What even is an agency anymore?
I’m not a fan of the sentiment I’ve expressed in that opening sentence.
Clearly, what’s coming next is a definition of an agency anchored around what I consider normal.
The definition that supports what agencies were like for the 20 year period I was working at or running them.
And then I’m going to say that everything has changed aka it’s not like the good old days.
Here it comes.
There was a time where agencies could be described by a specific operating model.
Whether they were huge operations with thousands of people or small two or three-person studios, they worked in the same way, went through the same stages of growth, and you could capture it all.
Now you have multiple models.
There’s still that classic set up but you now have to add
The solo-operated agency using AI and automation to scale with no intention of adding headcount.
The insanely narrow agency who solves not just a specific problem but a specific part of a problem better than anyone else.
The SaaS hybrid agency creating recurring revenue and layering software.
The movable definition is nothing new. My ‘normal’ definition would have been new-fangled to the ad agencies that came before.
An agency is a business empowered to act and make decisions for others. And that means all the definitions are valid.
This requires us to broaden the tactics we consider.
- No longer just scaling through headcount; now also freelancers and automation
- No longer just project-based revenue tracking; now also SaaS-based growth metrics
- No longer just hourly billing; now also fixed, value-based retainers
- No longer marketing through agency-led branding and content; now also founder-profile-led campaigns, more personality and building in the open
- No longer starting with referrals and who you know; now using outreach and volume of connections from the start.

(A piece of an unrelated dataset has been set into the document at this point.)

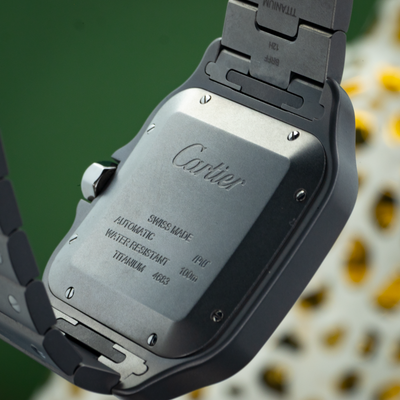 Cartier Santos WSSA0089 caseback with "Cartier" engraved and visible "Swiss Made" and "Automatic" text.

The tactics aren’t new, but the combinationsare, and staying on top of what is now considered essential for an agency to thrive is 😬.
The winners will be the ones that take the best of everything.
The established agency that can bring automations in and go faster and farther on the back of their already stellar reputation, relationships and client management.
The challenger agency that can quickly learn the fundamental drivers of account management and how to move away from that automated delivery toward becoming a strategic partner where the money gets big.
There’s a time and place for every tactic.
Some things clearly get misused, but nothing is in itself a mistake; it’s just about when to use what.
The goal is to understand how everything works. The moment you dismiss something different you’ve limited yourself.
Because we’ve all got something to learn.